Evolução recente da situação social no Brasil

Ladislau Dowbor

 

Em 2006, a reeleição do presidente Luiz Inácio Lula da Silva indicou que o governo dispunha de forte aprovação dos segmentos mais pobres, mas foi apenas com o atraso natural dos processos de pesquisas que surgiram os números reais sobre a evolução das condições de vida do brasileiro. Recentemente, o IBGE (Instituto Brasileiro de Geografia e Estatística) divulgou a Pesquisa Nacional por Amostras de Domicílio (PNAD) de 2006 e a Síntese dos Indicadores Sociais 1996-2006, um balanço dos últimos 10 anos. A imagem que emerge daí é relativamente clara e vale a pena ser analisada. Ela pode explicar não apenas os votos da última eleição como apontar o caminho que temos pela frente.

O dado que mais salta aos olhos é a criação de 8,7 milhões de postos de trabalho durante a primeira gestão de Lula. Isto representa um avanço imenso para um país em que grande parte da população se vê excluída do direito de contribuir com o desenvolvimento geral. Entre 2005 e 2006, este avanço foi ainda mais expressivo: 2,1 milhões de pessoas entraram no mercado de trabalho, um aumento de 2,4%. O destaque foi a expansão do emprego entre as mulheres, que registrou crescimento de 3,3,%. Entre os homens, o aumento foi de 1,8%. A formalização também foi significativa: três em cada cinco postos de trabalho criados tinham carteira assinada. No total, 30,1 milhões de trabalhadores foram contratados com carteira assinada em 2006, um aumento de 4,7% em um ano.

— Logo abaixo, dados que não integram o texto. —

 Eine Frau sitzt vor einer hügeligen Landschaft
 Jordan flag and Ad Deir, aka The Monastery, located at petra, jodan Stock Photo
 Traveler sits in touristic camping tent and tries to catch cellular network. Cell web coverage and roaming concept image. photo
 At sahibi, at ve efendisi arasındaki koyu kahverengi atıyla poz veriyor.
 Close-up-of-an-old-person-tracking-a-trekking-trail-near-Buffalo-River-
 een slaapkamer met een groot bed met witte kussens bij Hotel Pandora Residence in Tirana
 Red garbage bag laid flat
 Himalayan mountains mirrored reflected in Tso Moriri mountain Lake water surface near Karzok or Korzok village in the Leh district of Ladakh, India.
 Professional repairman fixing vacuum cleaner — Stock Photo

Apesar do progresso apresentado, o quadro continua dramático. Como apontou o IBGE, «[no período analisado], mais da metade da população ocupada – 49,1 milhões de pessoas – continuava formada por trabalhadores sem carteira assinada, por conta própria ou sem remuneração»1.

O segundo resultado que mais chamou a atenção foi a elevação em 7,2% dos rendimentos dos trabalhadores entre 2005 e 2006. O dado, que ocupou as manchetes de todos os jornais, manteve coerência com os dos anos anteriores: desde 2003, a remuneração vem desenhando uma curva ascendente. Considerando que a desigualdade é nosso maior problema, tal índice demonstra melhoria efetiva nesse aspecto da vida dos brasileiros. O número é um reflexo direto dos avanços na criação de postos de trabalho e do aumento do salário mínimo, que teve um ganho real de 13,3% em 2006. Segundo analistas do PED (Pesquisa de Emprego e Desemprego), 26 milhões de trabalhadores teriam sido favorecidos pelo aumento. Além disso, como o salário mínimo é referência para o reajuste das aposentadorias, outros 16 milhões provavelmente foram beneficiados.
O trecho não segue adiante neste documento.